We sat at Ormonde on the Santa Fe main for about 20 minutes, hoping for a train but seeing only a hi-rail; the old ATSF style station sign survives there, was the reason I wanted a train shot. As we approached Monmouth, an eastbound coal load was going by, so we chased it east toward Cameron along the ex-BN main, getting this half-baked shot at 11:12 of 5907/6402. The DPU was 9915.

Note the coal dust blowing -- not good!

Monmouth was where, in 1959 or so, I had my only sighting of the M&StL before C&NW gobbled it up in 1960. Dad and I stopped at the little Monmouth yard, and somewhere there is a slide of either one, or two, red RS1's. I'd always wanted to re-trace the M&StL's path thru Monmouth, and this we did, including where the yard was. The diamond with the CB&Q (see the recent CLASSIC TRAINS with an action shot of red GP9's and F7's crossing the Q, by Jim Thomas) is hard to pick out, as a factory south of the BNSF now occupies where the M&StL track neared the diamond. We found this mural downtown; I like good city murals. This one denotes Wyatt Earp's birthplace, which if I knew I'd forgotten; across the street was another mural with a train on it, but it was a terrible rendition of an ancient 4-4-0 so I didn't shoot it. Carol took this from the car.

In checking with Amtrak's "Julie," we learned that the Southwest Chief and California Zephyr would be on each other's tail soon, so we camped out in Cameron where the old Santa Fe goes over the old BN/CB&Q. Here's No. 4, the Chief, at 12:04, engines 83/92. Carol took the digitals here of both Amtraks, going too fast for me to work both cameras, and slides still come first!

And 8 minutes later at 12:12  here is No. 6, engines 42/155, 9 cars.

Well, I did finally take a rail photo in Galesburg -- of this caboose at the Children's Museum across the street from the Amtrak depot, at 12:42 p.m.

As we were leaving to head east on Route 34, an eastbound CSX grain train was right behind us, so at the edge of town we set up for a second Galesburg rail-related photo, untis 5230/5451/7337 at 12:47 p.m.

We arrived in Galva and heard of a local at the ethanol plant east of town ready to return to Galesburg, but the d.s. told him he had one eastbound to run -- our old friend the CSX grain train, which surprised us with how fast he got there, hence this grab shot at 1:21. We hung around for awhile, but the dispatcher was not really an on-the-ball type and forgot about the local, so we went to Subway and got sandwiches. This of course got the local going!
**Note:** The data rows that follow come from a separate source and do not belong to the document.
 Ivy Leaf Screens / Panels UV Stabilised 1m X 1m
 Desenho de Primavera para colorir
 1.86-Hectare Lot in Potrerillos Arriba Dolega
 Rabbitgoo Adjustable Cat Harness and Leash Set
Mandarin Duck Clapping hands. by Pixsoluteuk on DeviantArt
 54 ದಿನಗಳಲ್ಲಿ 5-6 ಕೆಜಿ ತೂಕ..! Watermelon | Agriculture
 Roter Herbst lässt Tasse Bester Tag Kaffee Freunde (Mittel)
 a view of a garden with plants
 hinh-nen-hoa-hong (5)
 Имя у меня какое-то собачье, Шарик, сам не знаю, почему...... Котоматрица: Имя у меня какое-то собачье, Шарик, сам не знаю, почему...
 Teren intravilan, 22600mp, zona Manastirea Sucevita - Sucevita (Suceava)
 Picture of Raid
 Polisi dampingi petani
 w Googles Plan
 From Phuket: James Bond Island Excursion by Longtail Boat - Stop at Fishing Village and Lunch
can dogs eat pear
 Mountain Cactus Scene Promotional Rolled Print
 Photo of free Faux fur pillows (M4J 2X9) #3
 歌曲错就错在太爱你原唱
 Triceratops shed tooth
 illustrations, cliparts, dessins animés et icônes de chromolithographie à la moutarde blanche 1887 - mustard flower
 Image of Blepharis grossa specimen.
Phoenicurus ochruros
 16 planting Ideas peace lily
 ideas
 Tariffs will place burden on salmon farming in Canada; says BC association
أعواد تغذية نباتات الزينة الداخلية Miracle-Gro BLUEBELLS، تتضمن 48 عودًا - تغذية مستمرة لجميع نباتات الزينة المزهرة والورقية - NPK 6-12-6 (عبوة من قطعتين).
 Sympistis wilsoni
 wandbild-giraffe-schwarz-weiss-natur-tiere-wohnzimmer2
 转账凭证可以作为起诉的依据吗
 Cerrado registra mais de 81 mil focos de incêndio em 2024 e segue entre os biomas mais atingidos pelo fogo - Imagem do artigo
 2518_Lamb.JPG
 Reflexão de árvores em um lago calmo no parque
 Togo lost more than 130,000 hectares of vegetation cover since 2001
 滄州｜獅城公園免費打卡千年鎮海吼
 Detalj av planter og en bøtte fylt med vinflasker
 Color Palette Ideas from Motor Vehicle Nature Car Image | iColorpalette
And here he is, 2814/2119 with 1 car, at 2:12 p.m.

We knew two westbounds were somewhere around Kewanee, so we went via back roads to West Kewanee interlocking to have our lunch, and soon this first guy showed up, at 2:34, NS 9721/7561 on a coal empty.

Having finished lunch, we meandered into town and saw this guy leaving East Kewanee and got this nice shot in town at 2:51, 9467/9188.

We then hit "the Amtrak window" for the two westbounds. After a quick frozen custard stop in Princeton, we parked on the Route 34 overpass for No. 5, the California Zephyr, engines 165/184/133, at 3:40. I do not know why the Heritage 184 was on this train. It's possible the lead unit was a replacement for the "Denver protect" engine Amtrak often stations there. Carol shot these digitals, and also the Chief in Mendota. The highway in the background is Interstate 80.

The Mendota switcher usually rates a photo, parked by the depot.

Unusual was this trio parked in the yard north of the depot, 5109/7256/CP 6073, photographed at 4:22. Amtrak No. 3 was on-time out of Naperville and due here at 4:25, but waiting for the CSX grain train to overtake a staged coal load socked the Chief about 20 minutes. I speculated these units may have been for a grain train to be loaded at the new loadout east of town by I-39, but there was no train there, so I have no answer for these units' presence.

So of course in the intervening 20 minutes, the sun disappeared for good for the day behind a huge front of dark clouds. Here's No. 3 arriving, 62/77 and 9 cars, at 4:50. We gassed up out at I-39 and headed home at 5 p.m., arriving in Waukesha about 7:15, grabbed a quick supper, and were home by 8 pm, beat but satisfied with a bonus two days after our "book celebration weekend."